NOTE: This type of move function is great for driver control as you can directly plug in joystick values as the parameter. Since the joystick also outputs values from -127 to 127, it aligns perfectly with the move function, resulting in a simple driver control that looks similar to this: 

left_motor.move(master.get_analog(E_CONTROLLER_ANALOG_LEFT_Y));

right_motor.move(master.get_analog(E_CONTROLLER_ANALOG_RIGHT_Y));

This block of code allows the user to control the robot based on the left and right joysticks, also known as tank control. Both of the joystick values directly control the motor speeds, which allows for slower and faster speed control based on how far the joystick is moved.

Motor Velocity Commands

A variant of the regular “move” function is the  motor_name.move_velocity(int speed); function. This function ensures a consistent velocity output in rotations per minute instead of a regular speed. To use this, we can simply do something like this:

motor_name.move_velocity(100);

Autonomous Move Commands

For autonomous runs, we can use other types of movements like profile movements, which are basically movements to a given position that are executed by the motor’s firmware using it’s encoders. There are two similar functions that achieve this:

1. motor_name.move_absolute(int distance, int speed) 

2. motor_name.move_relative(int distance, int speed)

Both functions require two parameters. The first parameter is the distance you want the motor to move. The second is speed.
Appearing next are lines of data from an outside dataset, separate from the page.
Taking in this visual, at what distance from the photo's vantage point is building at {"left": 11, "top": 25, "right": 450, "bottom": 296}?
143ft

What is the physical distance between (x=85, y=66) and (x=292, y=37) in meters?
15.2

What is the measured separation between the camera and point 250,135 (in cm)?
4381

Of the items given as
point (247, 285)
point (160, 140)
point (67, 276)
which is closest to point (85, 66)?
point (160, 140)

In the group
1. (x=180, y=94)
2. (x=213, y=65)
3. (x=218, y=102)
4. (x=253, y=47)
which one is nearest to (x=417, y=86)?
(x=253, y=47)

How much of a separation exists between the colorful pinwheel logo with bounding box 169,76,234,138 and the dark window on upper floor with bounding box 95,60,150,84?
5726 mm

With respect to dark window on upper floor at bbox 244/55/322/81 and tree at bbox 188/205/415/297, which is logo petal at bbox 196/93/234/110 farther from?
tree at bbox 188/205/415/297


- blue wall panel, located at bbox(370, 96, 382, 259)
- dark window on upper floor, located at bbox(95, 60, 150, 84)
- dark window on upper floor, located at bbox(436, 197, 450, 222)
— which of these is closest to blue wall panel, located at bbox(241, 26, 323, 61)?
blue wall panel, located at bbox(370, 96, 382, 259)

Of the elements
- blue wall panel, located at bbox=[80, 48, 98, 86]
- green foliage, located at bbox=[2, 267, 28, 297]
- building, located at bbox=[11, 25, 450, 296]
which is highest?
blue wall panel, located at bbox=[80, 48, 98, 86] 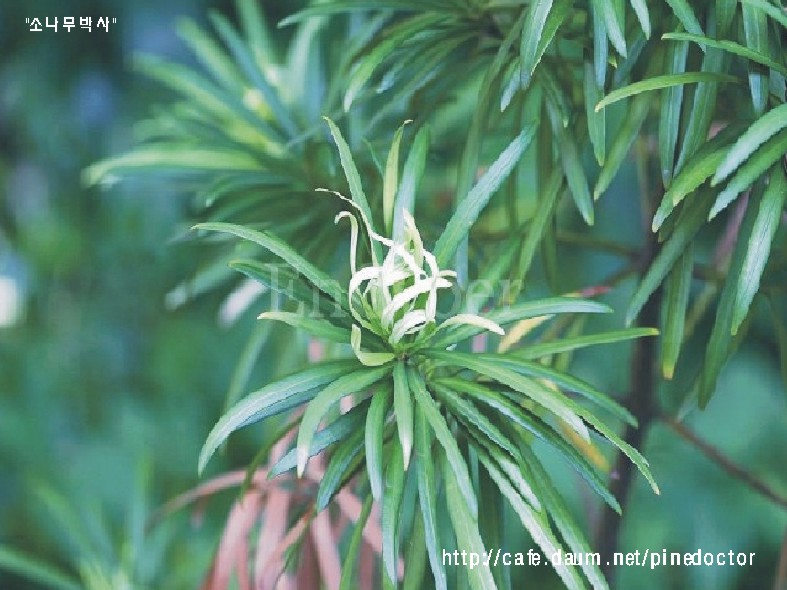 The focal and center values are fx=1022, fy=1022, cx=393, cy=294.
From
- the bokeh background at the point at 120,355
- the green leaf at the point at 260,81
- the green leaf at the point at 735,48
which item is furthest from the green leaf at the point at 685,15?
the bokeh background at the point at 120,355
The difference lies in what the motor considers the starting position.

The absolute move function considers the starting position to be where the motor first turned on. For example, let’s say you turn on your robot. Then let’s say you push your robot forward 1000 encoder units. Then, the function  move_absolute(500, 127); will actually make your robot go backward.  

On the other hand, the relative move function does not do this. In the same example, if I were to push the robot forward 1000 encoder units, and then I called move_relative(500, 127); The robot would move another 500 encoder units forward. The reason for this is because the robot considered the “starting position” to be 1000 encoder units since that is when the function was called. 

left_motor.move_absolute (500, 127);

pros::delay(50);

left_motor.move_absolute (1000, 127);

OR

left_motor.move_relative (500, 127);

pros::delay(50);

left_motor.move_relative (500, 127);

Both of these snippets of code do the same thing, but in their own different ways, whether absolute or relative.

Motor Encoder Commands

To get the output values from a motor, we can use the command motor_name.get_position(); This will allow us to use the encoder values of a motor for a plethora of other things, such as PID or even more accurate autonomous runs.

double left_motor_encoder = left_motor.get_position();

Now if you wished to reset the encoder of the motor to zero, you would use the command motor_name.tare_position();